Il campionario delle operazioni e dei progetti con i quali si confrontò è talmente vasto e vario da non poter essere riassunto in poche righe.
Così come la pluralità di temi e di approcci che influenzarono tutta la sua produzione trovando sempre il modo e la forma di rinnovarsi attraverso esperienze teatrali, laboratoriali e autoriali destinate a lasciare un segno profondissimo nei suoi contemporanei e ad esercitare un'influenza prorompente anche su molte altre opere e correnti.
Uno degli aspetti più interessanti del lavoro di Carmelo Bene, che sembra costituire una sorta di filo conduttore fra quasi tutte le sue performance, è il ruolo che riveste la musica all'interno della sua produzione e il rapporto che lui stesso, come interprete, intrattiene con essa.
Impossibile non rendersi conto che si tratti di un legame profondo, che Bene ebbe sempre interesse e cura a valorizzare e a utilizzare non come mero accompagnamento, ma come veicolo espressivo integrante e complementare alla maggior parte dei suoi lavori.
Nelle fasi artisticamente più mature della sua carriera sperimentò persino alcune rilevanti incursioni "concertistiche", che trovarono il proprio apice nel poema sinfonico Manfred.
La produzione, portata in scena per la prima volta nel 1980, era costituita da una performance teatrale di Carmelo Bene su musiche di Robert Schumann.

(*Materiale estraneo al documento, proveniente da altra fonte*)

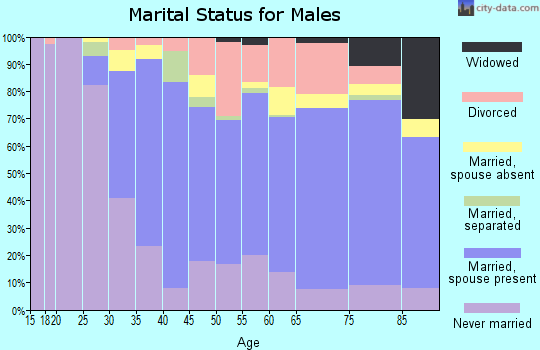 Zip code 93023 marital status for males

Accompagnata da coro e orchestra dell'Accademia di Santa Cecilia, si tradusse fin dal debutto in un successo unanime di critica e di pubblico.

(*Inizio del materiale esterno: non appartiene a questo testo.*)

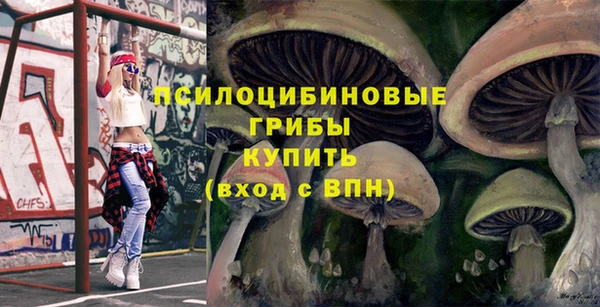 соль курить ск Алексеевка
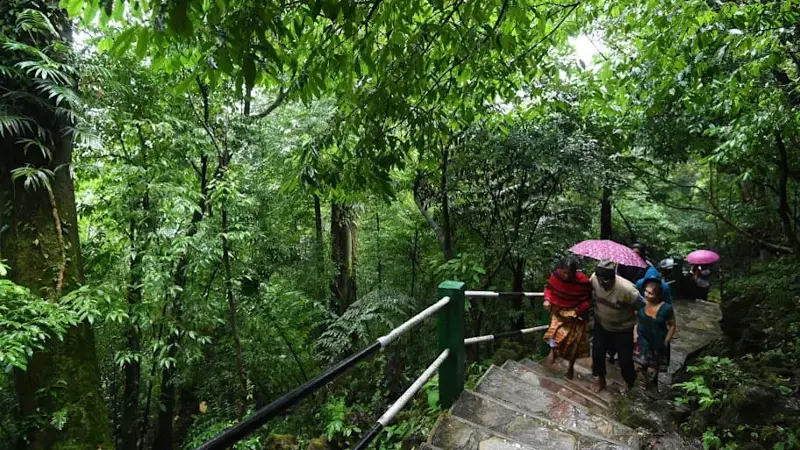 Walking in the forests of Cherrapunji, Inida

In questo raro documento, tratto da una speciale puntata monografica andata in onda all'interno del contenitore-documentario Variety, vediamo Carmelo Bene prepararsi all'ingresso in scena e confrontarsi con in teatro con un'orchestra che, come suggestivamente evocato dalle parole della voce narrante, sembra davvero accingersi a sfidarlo. In queste immagini Carmelo Bene ci si presenta come un clown bianco, dal viso fresco di biacca, pronto a fronteggiare i musicisti e il pubblico ancora una volta senza timori né freni, pronto a ribaltare le concezioni statiche e le strutture convenzionali del teatro e del palcoscenico per convertirla in quella che, nelle sue stesse parole, diviene una macchina attoriale di cui intende farsi ancora una volta pienamente interprete, strumento e protagonista.